Union träumt, Hertha zittert

"Geht viel kaputt hier gerade", bemerkten die wenigen Anwesenden bereits vor dem Spiel. Mit dem Derby am Mittwoch und dem Spiel gegen Bayern München am Sonntag wäre das Stadion binnen weniger Tage zweimal ausverkauft gewesen. Aber kurz vor dem zweiten Geburtstag des ersten Lockdowns ist die Lage in Deutschland unverändert. Kaum jemand darf rein. Auch nicht in die offenen Stadien, trotz der zuletzt wieder lauter werdenden Kritik der Funktionäre, stellvertretend vorgetragen durch Hans-Joachim Watzke, dem neuen starken Mann der DFL. Die Funktionäre verstehen die drastische Limitierung der Zuschauerzahlen nicht, die im Angesicht der Omikron-Wand jedoch auch in den kommenden Wochen kaum Anpassungen erfahren dürfte. Es wäre diesem Wettbewerb zu wünschen, dass sich das bis zum Finale im Mai ändert. Wenn womöglich sogar erstmals eine Berliner Mannschaft den DFB-Pokal in die Berliner Luft stemmt. Aber nicht Hertha, sondern der Lokalrivale.

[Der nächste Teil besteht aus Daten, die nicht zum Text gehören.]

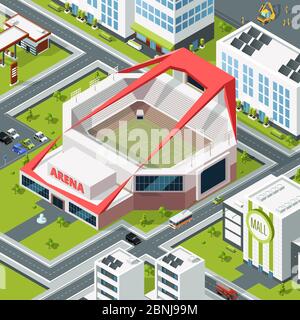 Isometrische Stadtlandschaft mit modernem Stadiongebäude Stock Vektor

"Es ist schwer zu sagen, was man hier nach dem Spiel sagen soll, ob man jetzt die eins oder zwei ist", sagte Herthas Maxi Mittelstädt nach der Niederlage. "Wir sind alle extrem enttäuscht". Auf der anderen Seite jubelten die Union-Spieler mit den mitgereisten Fans. Sie machten die Welle, sie hüpften und sangen und träumten. Aber nicht zu lang. "Wir feiern, bis wir mit dem Duschen fertig sind", sagte Kruse und richtete den Blick bereits auf die Bundesliga-Partie in Gladbach am kommenden Samstag.

Auch in der Liga gibt es für sie noch etwas zu gewinnen. Hertha hingegen macht es seinen Anhängern weiter nicht leicht. Aus im Pokal, in der Liga geht es ums Überleben. Und jetzt noch das! Die ultimative Demütigung droht: der Pokalsieg der Eisernen im eigenen Stadion. "Wir haben noch zwei Spiele zum Finale", rechnete Kruse nach dem endgültigen Machtwechsel in Berlin: "Das sind zwei Siege, bis wir wieder hier spielen dürften, mal gucken, was für Paarungen kommen. Es ist noch die eine oder andere interessante Mannschaft dabei, wir müssen uns aber nicht verstecken."